**TASK DETAILS**.
Records follow. Select each line holding "flowers".

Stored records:

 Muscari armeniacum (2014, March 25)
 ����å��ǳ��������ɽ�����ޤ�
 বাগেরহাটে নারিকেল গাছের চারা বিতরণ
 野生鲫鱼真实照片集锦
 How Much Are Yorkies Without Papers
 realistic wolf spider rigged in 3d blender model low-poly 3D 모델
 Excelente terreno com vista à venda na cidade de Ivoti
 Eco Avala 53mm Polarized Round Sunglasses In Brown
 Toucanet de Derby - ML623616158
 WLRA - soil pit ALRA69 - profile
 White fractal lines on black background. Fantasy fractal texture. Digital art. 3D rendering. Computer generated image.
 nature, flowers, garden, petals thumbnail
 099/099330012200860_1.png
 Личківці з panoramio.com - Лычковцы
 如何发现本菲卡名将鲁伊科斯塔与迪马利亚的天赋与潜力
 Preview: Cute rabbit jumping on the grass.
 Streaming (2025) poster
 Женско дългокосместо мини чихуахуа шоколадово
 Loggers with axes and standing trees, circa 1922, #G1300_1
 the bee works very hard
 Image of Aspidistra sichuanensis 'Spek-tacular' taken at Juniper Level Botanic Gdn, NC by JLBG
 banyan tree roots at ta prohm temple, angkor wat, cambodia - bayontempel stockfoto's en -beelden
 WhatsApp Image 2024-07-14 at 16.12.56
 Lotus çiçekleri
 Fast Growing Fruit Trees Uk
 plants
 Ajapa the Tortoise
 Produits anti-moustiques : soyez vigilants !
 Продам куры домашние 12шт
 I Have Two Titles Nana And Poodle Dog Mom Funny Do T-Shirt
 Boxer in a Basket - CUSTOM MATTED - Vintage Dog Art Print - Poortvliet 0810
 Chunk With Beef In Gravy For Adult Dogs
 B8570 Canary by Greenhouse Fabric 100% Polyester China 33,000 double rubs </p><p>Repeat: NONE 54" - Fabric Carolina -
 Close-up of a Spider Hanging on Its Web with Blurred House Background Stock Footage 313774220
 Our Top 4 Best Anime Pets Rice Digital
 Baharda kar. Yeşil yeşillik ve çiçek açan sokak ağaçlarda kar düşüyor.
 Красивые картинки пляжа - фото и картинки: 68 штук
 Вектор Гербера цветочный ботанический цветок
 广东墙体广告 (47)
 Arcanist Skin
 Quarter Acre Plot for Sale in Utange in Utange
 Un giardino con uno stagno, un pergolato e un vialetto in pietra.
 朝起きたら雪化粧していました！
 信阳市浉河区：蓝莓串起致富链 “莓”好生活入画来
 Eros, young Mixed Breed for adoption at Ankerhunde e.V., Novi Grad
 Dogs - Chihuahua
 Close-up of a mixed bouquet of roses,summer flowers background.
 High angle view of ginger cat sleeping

**COMPLETED EXERCISE**.
 nature, flowers, garden, petals thumbnail
 Close-up of a mixed bouquet of roses,summer flowers background.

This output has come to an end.